By David Cruz
It was the kickoff of New Jersey’s Working Families United Raise the Wage Campaign, a push to boost the minimum wage to $8.25 from the current $7.25, a question that is on the ballot in November because Gov. Chris Christie vetoed the minimum wage bill. The elected officials wanted to talk about voter turnout for the referendum, but the press questions were about whether the Democrats here were going to be able to get their political house in order long enough to be successful in the fall.
“Referencing our ‘party’ has had difficulty.
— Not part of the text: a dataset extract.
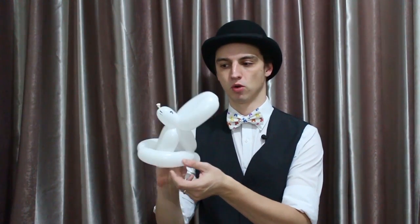Hey everyone, today we're going to learn how to make this cute one balloon bunny rabbit.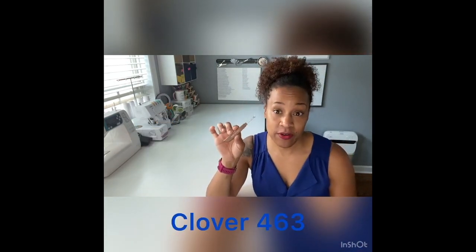Now I have the Clover 463 seam ripper. This one was not necessarily one of my favorites. It has a really pretty wooden-like handle, which is actually kind of slippery. If you have difficulty holding onto things, this is going to be really hard to cut with — it feels very smooth in my hands, so there's no real meat to that grip. It is super sharp and does have the gliding ball on it. It also has a cap, which again is not my favorite. It retails for $5.50 on Amazon Prime.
I think that one thing everyone can agree upon is that we believe in a core set of values,” said Assembly Speaker Sheila Oliver.
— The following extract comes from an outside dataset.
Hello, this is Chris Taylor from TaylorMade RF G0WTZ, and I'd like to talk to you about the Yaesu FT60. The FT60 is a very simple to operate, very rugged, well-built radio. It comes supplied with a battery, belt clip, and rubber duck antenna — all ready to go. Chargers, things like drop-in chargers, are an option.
But the physical — if not necessarily philosophical — distance between Mayor Cory Booker and Speaker Oliver, who are now opponents in the August Senate primary, was obvious to most observers; and Barbara Buono, the party’s top of the ticket candidate, was relegated to near sidebar status, although she was an articulate advocate in support of the referendum.
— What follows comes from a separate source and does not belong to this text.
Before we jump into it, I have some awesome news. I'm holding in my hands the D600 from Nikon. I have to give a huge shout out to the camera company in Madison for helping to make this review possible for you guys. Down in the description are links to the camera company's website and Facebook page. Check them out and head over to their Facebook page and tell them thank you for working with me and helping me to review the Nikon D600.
“At $7.25 an hour, every single penny is put toward putting a roof over your head and food on the table, keeping the lights on and the heat on in the winter,” Buono said.
Christie says the bill is a jobs killer and would hurt New Jersey’s small businesses, but Democrats say a raise in the minimum wage affects 400,000 New Jersey workers, and tying the new minimum wage to the cost of living will allow for the wage to keep pace with the rising cost of everything.
“What I’m dealing with in Newark is so many people stuck in minimum wage jobs without benefits and then they’re forced, because they have no choices, they always come up with more month at the end of their money than money at the end of their month,” Booker said.
But when asked about whether he’d taken up the matter in his many conversations with Christie, Booker said that wasn’t the point.
“Again, the press conference is about the minimum wage, not my relationship with the governor. … I have a feeling that people are gonna try to continue to draw us into politics,” Booker said.
Booker, Buono and Oliver went to their separate ends of the room after the abbreviated press conference, Booker getting the most media attention, Buono a little less so and Oliver content to chat with just plain folks, a true microcosm of where New Jersey’s Democratic Party finds itself today — in the same room, perhaps, but not necessarily on the same page.
Democrats believe this issue could be a winner for them, but in an increasingly convoluted election season, the challenge remains getting voters to focus.